Dataset content =>

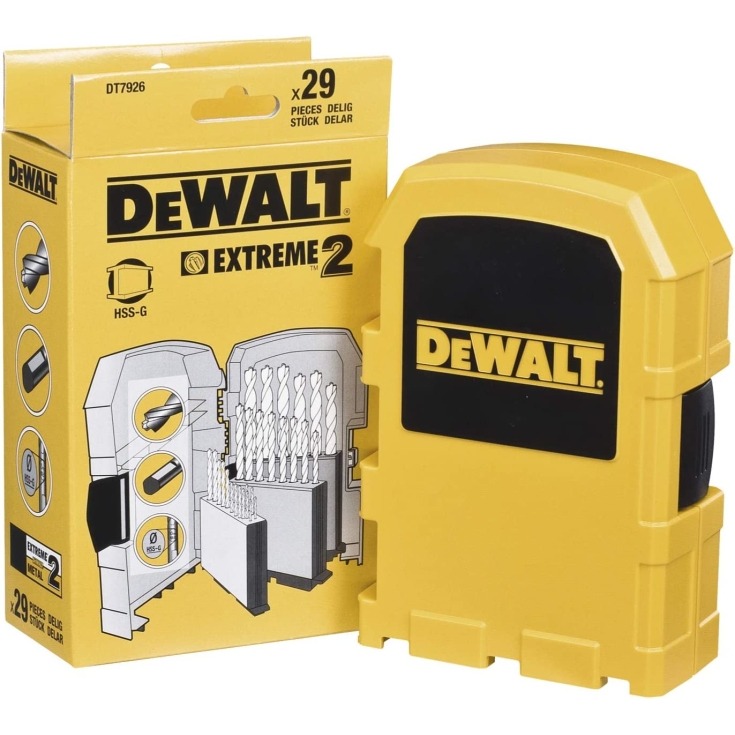 Set 29 punte metallo Extreme 2 DeWalt DT7926-XJ -3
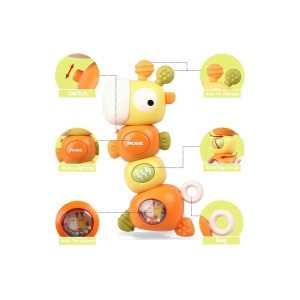 جغجغه موزیکال طرح زرافه ویواکیدز VIVAKIDS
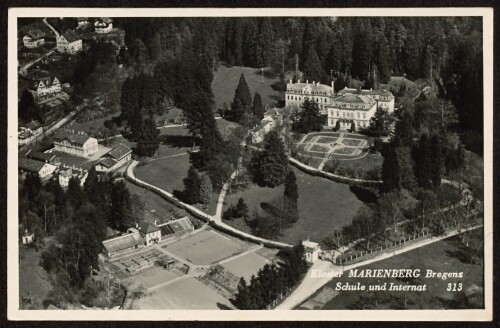 Kloster Marienberg Bregenz : Schule und Internat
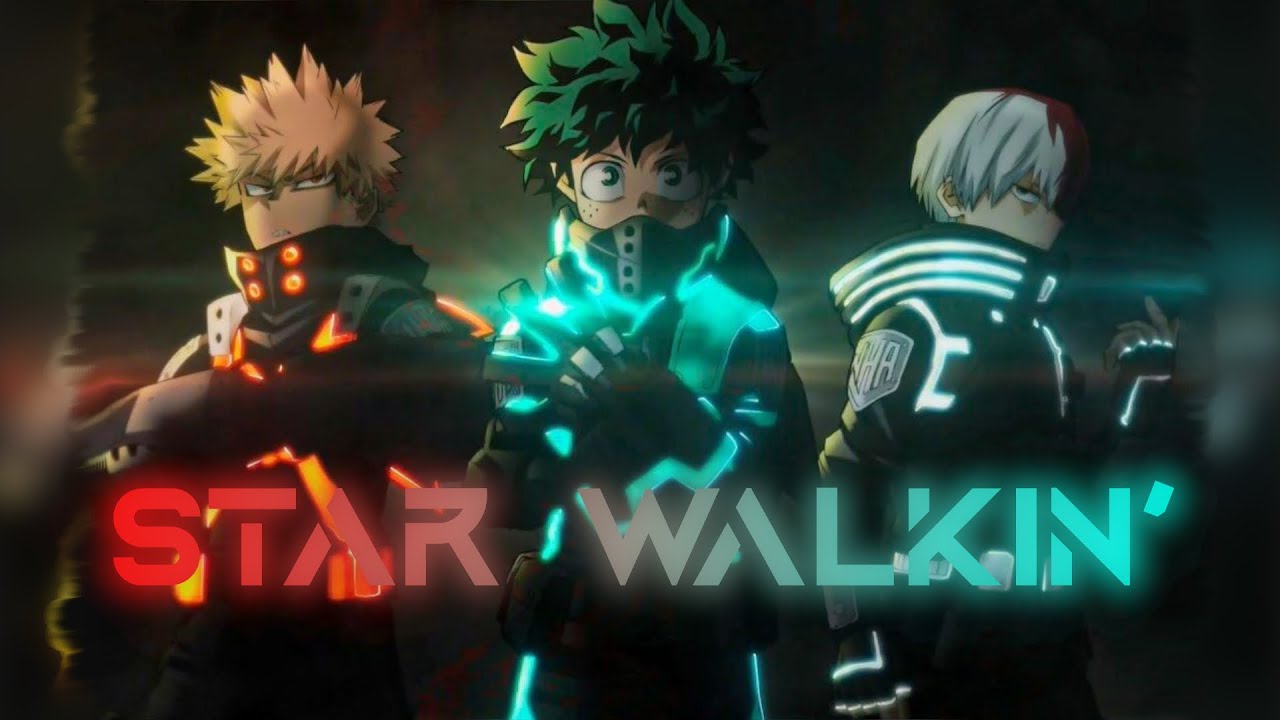 Star Walkin' [AMV] - YouTube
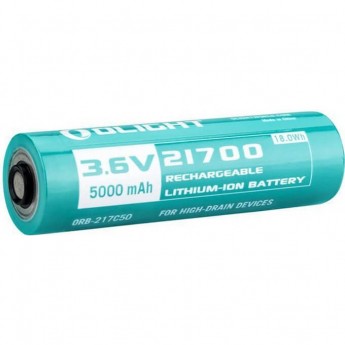 Аккумулятор Li-ion OLIGHT ORB-217C50 21700 3,7 В 5000 mAh Аккумулятор Li-ion OLIGHT ORB-217C50 21700 3,7 В 5000 mAh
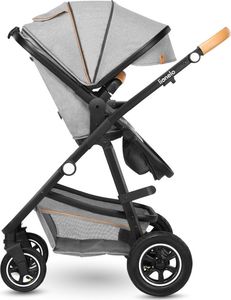Wózek Lionelo Wózek wielofunkcyjny LIONELO AMBER 2 w 1 spacerówka + gondola + torba + akcesoria - szary 17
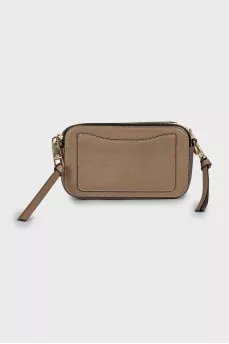 The Snapshot leather bag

Task to complete =>
The material above should be repeated word for word, with every picture omitted.

Solution to this task =>
 Set 29 punte metallo Extreme 2 DeWalt DT7926-XJ -3
 جغجغه موزیکال طرح زرافه ویواکیدز VIVAKIDS
 Kloster Marienberg Bregenz : Schule und Internat
 Star Walkin' [AMV] - YouTube
 Аккумулятор Li-ion OLIGHT ORB-217C50 21700 3,7 В 5000 mAh Аккумулятор Li-ion OLIGHT ORB-217C50 21700 3,7 В 5000 mAh
Wózek Lionelo Wózek wielofunkcyjny LIONELO AMBER 2 w 1 spacerówka + gondola + torba + akcesoria - szary 17
 The Snapshot leather bag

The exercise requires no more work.